__To do__
With the pictures left out, repeat every entry that follows exactly.

**** Stored data ****

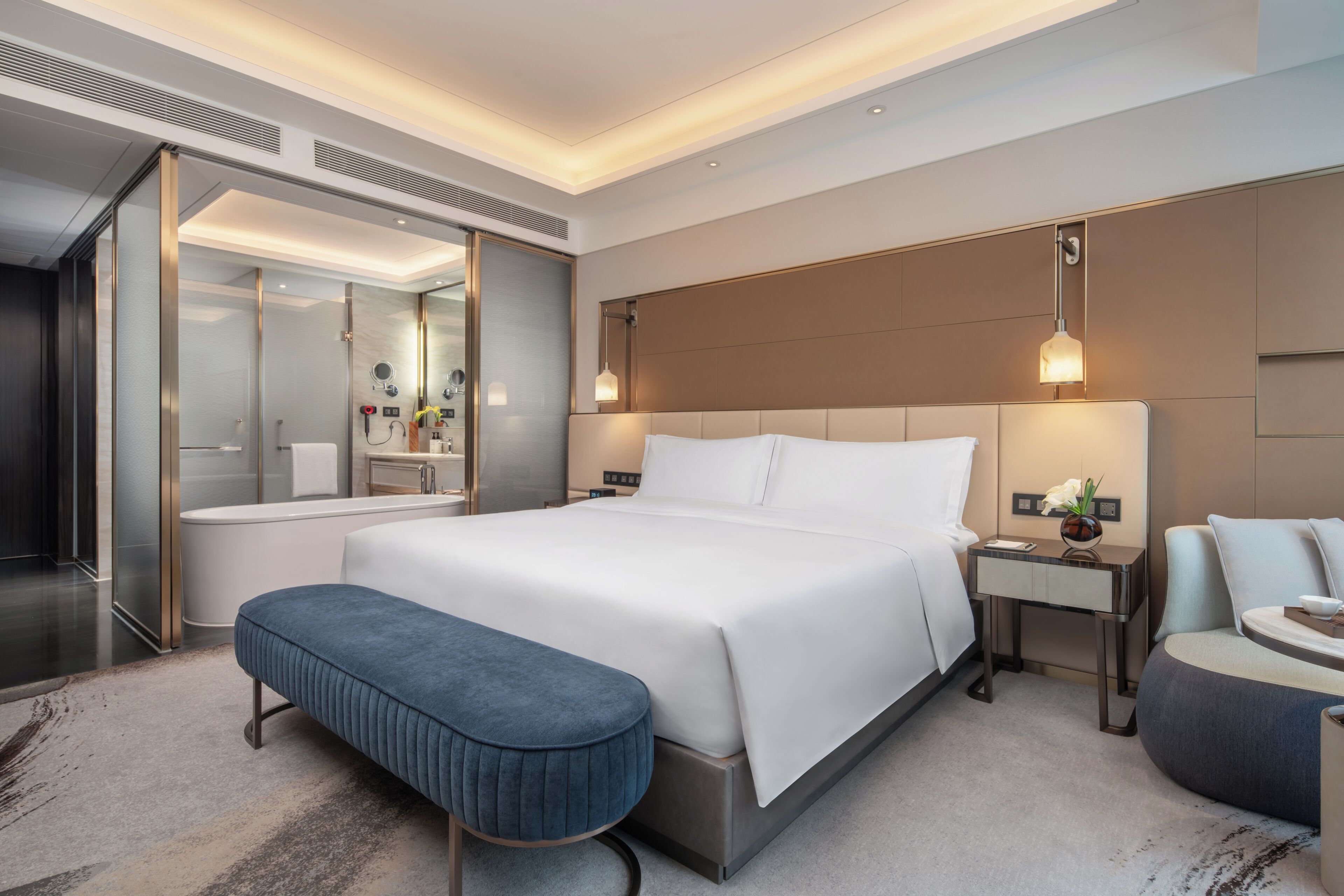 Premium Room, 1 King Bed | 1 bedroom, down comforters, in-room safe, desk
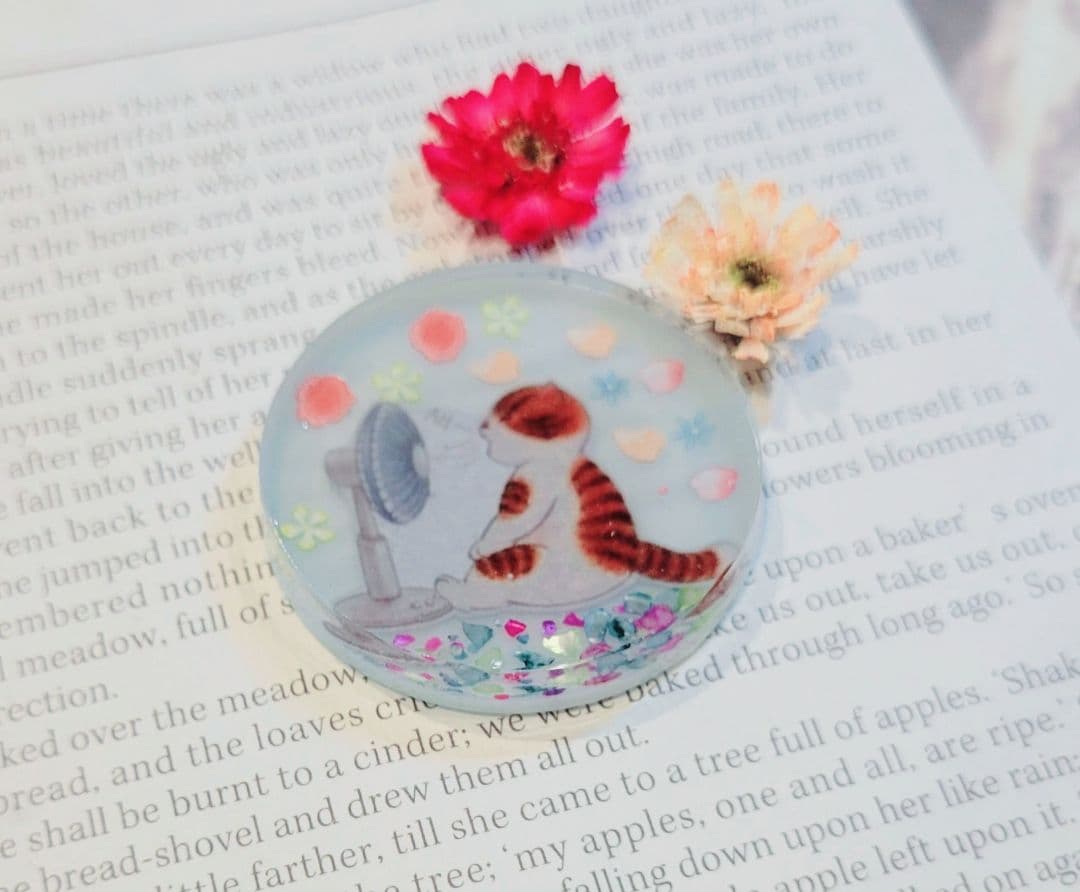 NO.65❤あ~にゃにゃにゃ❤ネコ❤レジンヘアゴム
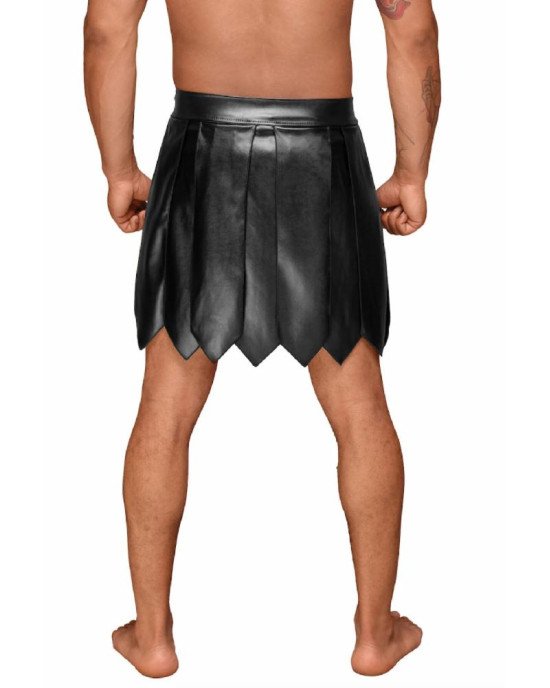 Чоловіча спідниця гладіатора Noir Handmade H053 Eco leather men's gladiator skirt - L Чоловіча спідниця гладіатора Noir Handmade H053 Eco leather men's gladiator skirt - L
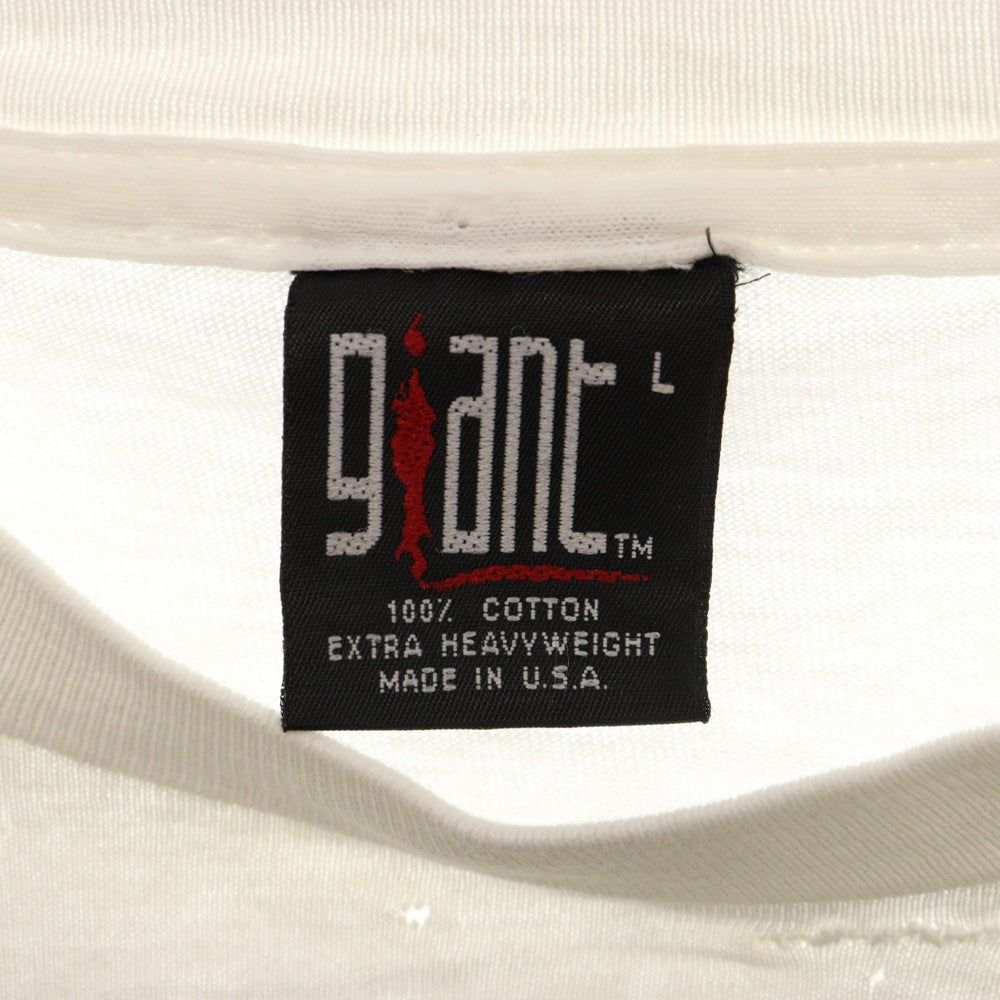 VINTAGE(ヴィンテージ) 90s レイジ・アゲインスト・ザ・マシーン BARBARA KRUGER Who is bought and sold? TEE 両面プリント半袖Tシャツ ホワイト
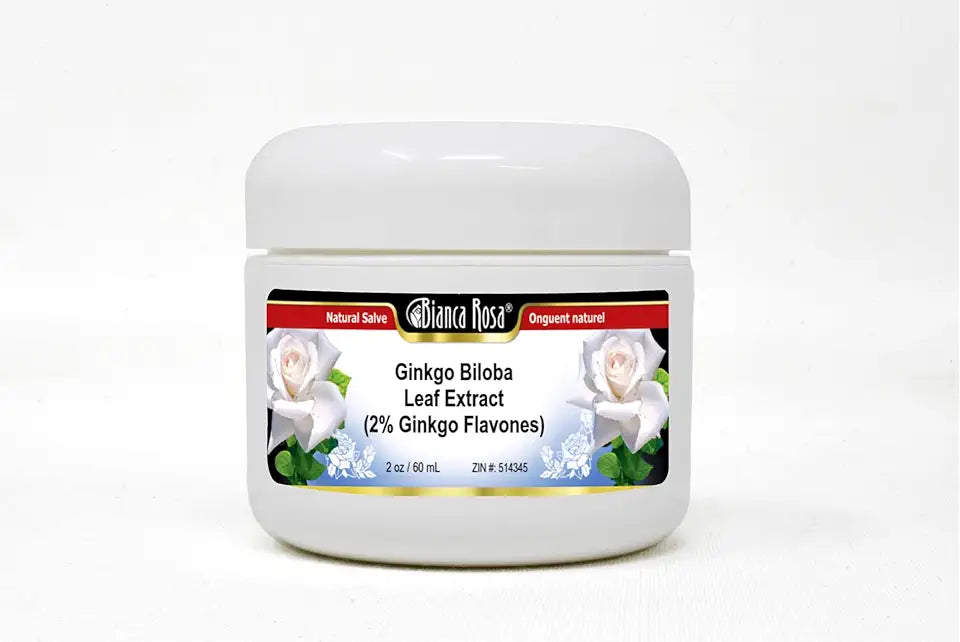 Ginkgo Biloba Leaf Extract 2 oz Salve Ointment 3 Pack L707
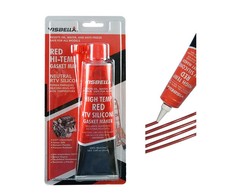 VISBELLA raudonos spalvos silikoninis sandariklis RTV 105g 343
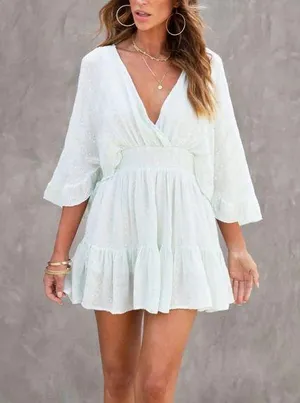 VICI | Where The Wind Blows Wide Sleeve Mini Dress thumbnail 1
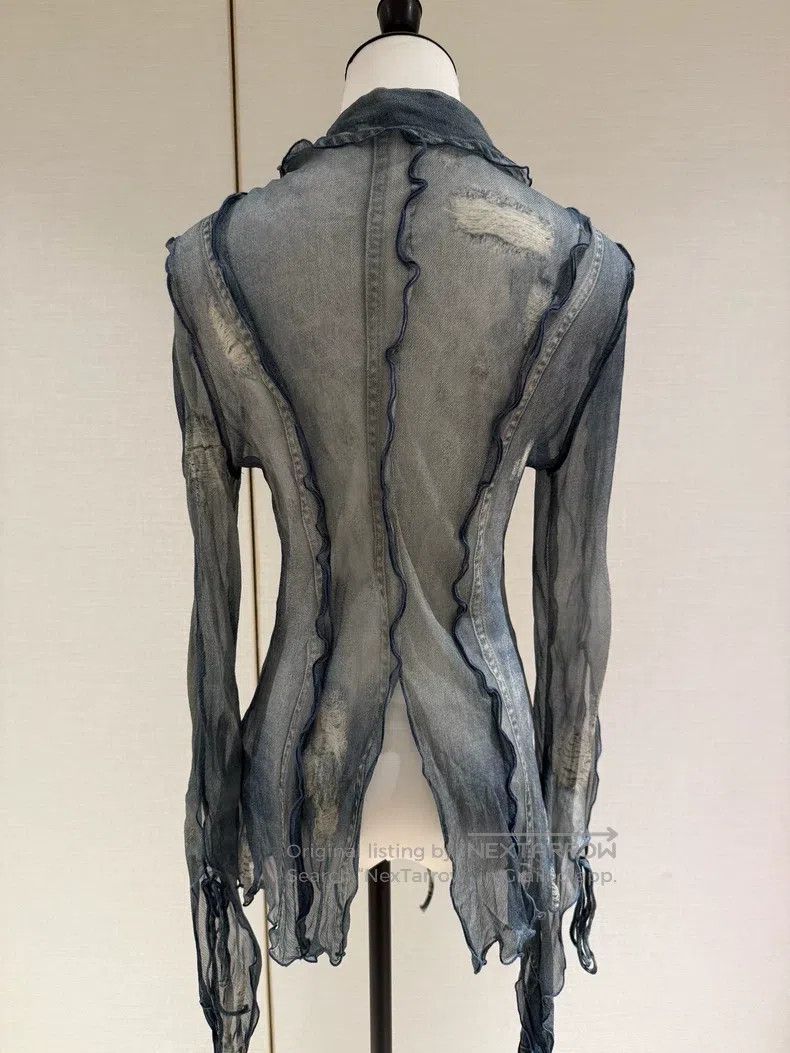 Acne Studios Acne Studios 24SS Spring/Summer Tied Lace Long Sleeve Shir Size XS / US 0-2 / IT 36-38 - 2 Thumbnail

****

__Result of the exercise__
 Premium Room, 1 King Bed | 1 bedroom, down comforters, in-room safe, desk
 NO.65❤あ~にゃにゃにゃ❤ネコ❤レジンヘアゴム
 Чоловіча спідниця гладіатора Noir Handmade H053 Eco leather men's gladiator skirt - L Чоловіча спідниця гладіатора Noir Handmade H053 Eco leather men's gladiator skirt - L
 VINTAGE(ヴィンテージ) 90s レイジ・アゲインスト・ザ・マシーン BARBARA KRUGER Who is bought and sold? TEE 両面プリント半袖Tシャツ ホワイト
 Ginkgo Biloba Leaf Extract 2 oz Salve Ointment 3 Pack L707
 VISBELLA raudonos spalvos silikoninis sandariklis RTV 105g 343
 VICI | Where The Wind Blows Wide Sleeve Mini Dress thumbnail 1
 Acne Studios Acne Studios 24SS Spring/Summer Tied Lace Long Sleeve Shir Size XS / US 0-2 / IT 36-38 - 2 Thumbnail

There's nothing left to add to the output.